Duke of Edinburgh Gold Award candidates at Rydal Penrhos gained significant praise during their recent practice expedition under the supervision of staff.
Rydal Penrhos pupils looking to attain a prestigious Duke of Edinburgh Gold Award in the coming months participated in a practice expedition recently. This is a significant stepping stone ahead of their assessments and something that could earn them a trip to a royal venue providing they do enough to achieve the distinction.
The group travelled to central Snowdonia alongside Dr Jim Lewis and other qualified staff who lend their support to the thriving outdoor education provision. This consisted of the 12 available Year 12 participants out of the 15 hoping to undertake the award this year, split into three groups of four pupils.
Following a final training day at school to conclude the first aid and camp-craft aspect of the programme, they set off for the Ogwen Valley and their first night of camp. Conditions were good as they cooked their first meal on gas stoves in the shadow of majestic Tryfan, but the night soon turned chilly forcing us all to seek cover in tents.
The weekend dawned bright and warmer, and the teams set about preparing breakfast and striking camp before heading down towards Capel Curig by a variety of routes. Spirits were high as the three groups navigated a relatively straightforward section of their three-day journey.
During the afternoon they crossed over via the Sarn Helen Roman road to the valley of the Afon Lledr and the campsite at Dolwyddelan, passing through forest and upland moor along the way.
The second night there was considerably warmer, mainly on account of the cloud cover and heavy rain that fell.
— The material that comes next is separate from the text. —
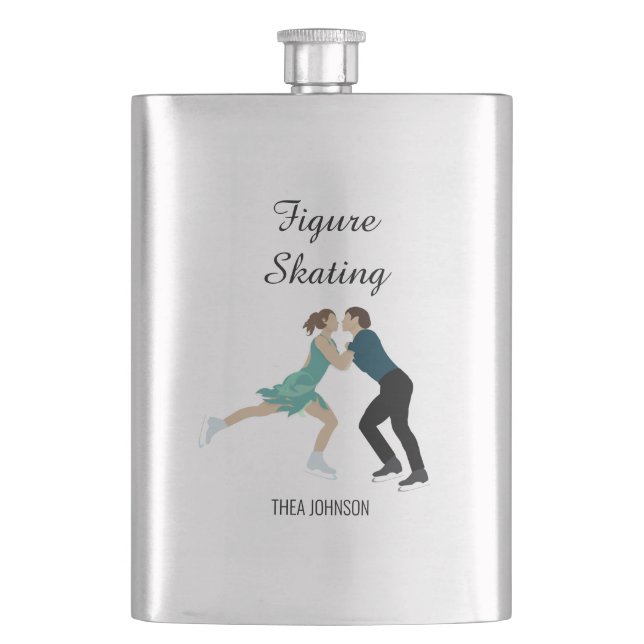 Figure Skating Flask (Front)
Left to their own devices from early evening, the intrepid adventurers maturely took on the responsibilities of camping and bedding down for the night.
The next day, however, they woke to rain and low clouds, foreboding a difficult day ahead. Routes led them all up into the Moelwyns, notoriously difficult upland terrain consisting of deep peat bogs, slippery rocky outcrops and extremely challenging navigation.
In 30 metres of visibility in the mist, with a biting wind and persistent low cloud, mistakes could not be afforded. The two Rydal Penrhos instructors were there to ensure that the pupils stayed on track, offering advice and support where necessary, but the Gold groups did themselves extremely proud by navigating securely from point to point, walking on bearings through the fog and bracing the difficult conditions with an impressive level of positivity.
Eventually, they reached their wild campsite at Llyn Llagi, somewhat obscured by the mist and rain, and set about pitching tents, changing out of wet clothing, and cooking hot meals to rewarm themselves. After all that they had endured that day, a warm dry sleeping bag and shelter from the elements were both essential and blissful.
The final day of the journey involved a peaceful start, lost in the silence of the mountains, other than a solitary calling from a cuckoo somewhere down below, followed by a descent to the Nant Gwynant and a steep pull-up through either Bwlch Cwm Llan or Bwlch Sygun across to Rhyd Ddu on fairly good tracks.
Following the ordeals of the previous day, this was a much easier route to navigate, although tired legs still took their toll on the groups’ ability to stick to timings, indicating that some endurance training, especially hiking with full packs on, would not go amiss prior to the four-day qualifying expedition at the end of June.
Nevertheless, this was a very successful practice weekend, with many valuable lessons having been learnt, and a result which should make all the pupils extremely proud of their achievements.
Congratulations to Ester, Henry, Luisa, Moli, Elodie, Charlotte, Jasmin, Sophie, Tristan, Gregor, Elsi and Saul. An incredible effort from you all!